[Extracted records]
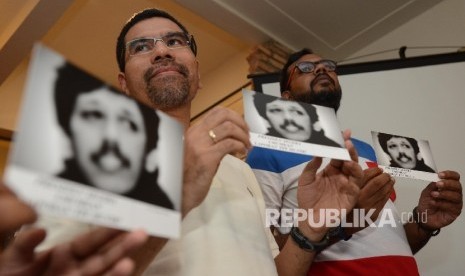  Mantan Anggota TPF dan Analis Politik dan HAM Amiruddin Al-Rahab (kiri) dan Koordinator Kontras Haris Azhar (kanan) menunjukan kartu pos yang bergambar Munir saat menggelar konferensi pers bersama media di Jakarta, Ahad (27/11).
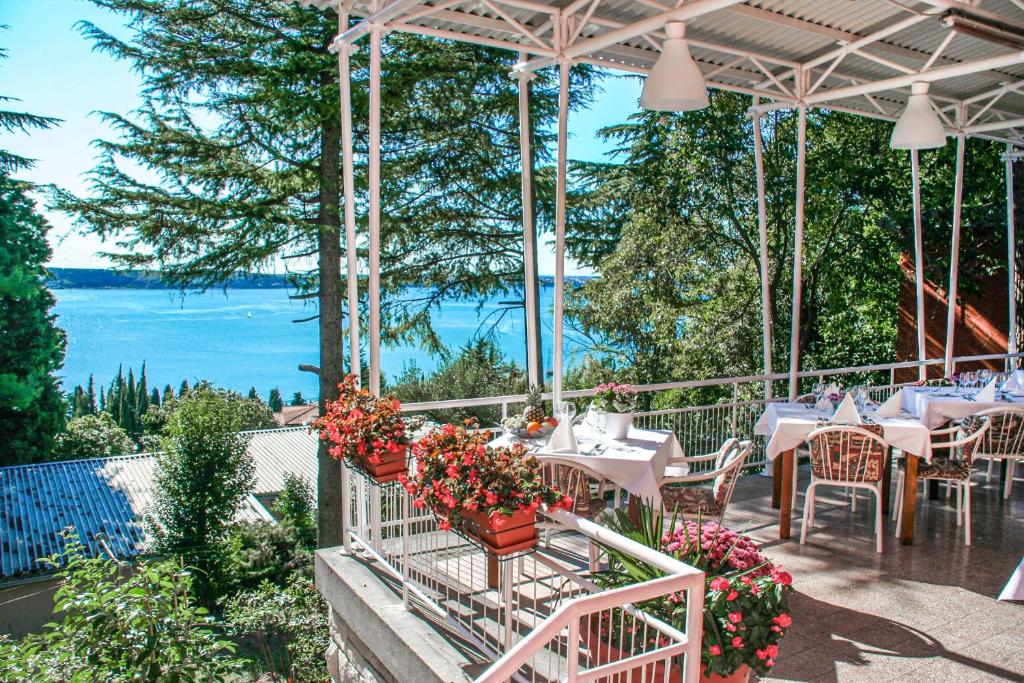 a restaurant with tables and flowers on a balcony at Maestral Residence in Portorož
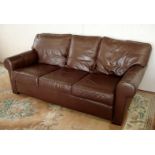 A brown leather upholstered three seater "Multi York" Settee.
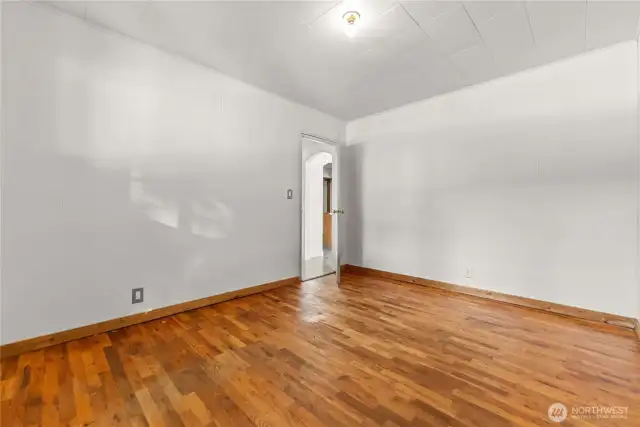 Primary bedroom has original hardwood floor. Large closet.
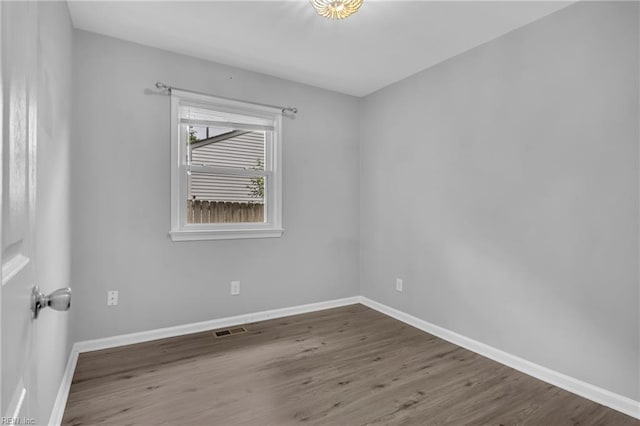 spare room featuring baseboards, visible vents, and wood finished floors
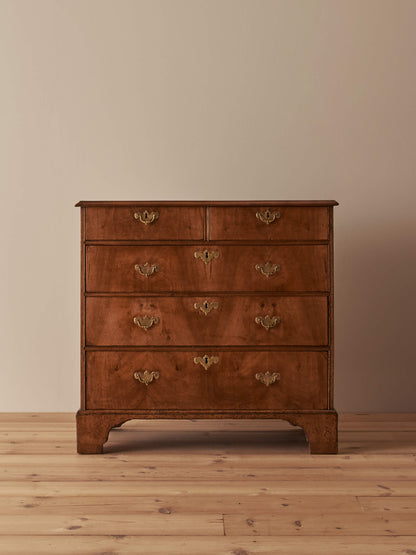 Georgian walnut chest of drawers raised on bracket feet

### DESCRIPTION OF THE TASK
Skip the pictures and retype exactly the lines from the one that contains "a restaurant with" to the last line of the records.

### ANSWER BOX
 a restaurant with tables and flowers on a balcony at Maestral Residence in Portorož
 A brown leather upholstered three seater "Multi York" Settee.
 Primary bedroom has original hardwood floor. Large closet.
 spare room featuring baseboards, visible vents, and wood finished floors
 Georgian walnut chest of drawers raised on bracket feet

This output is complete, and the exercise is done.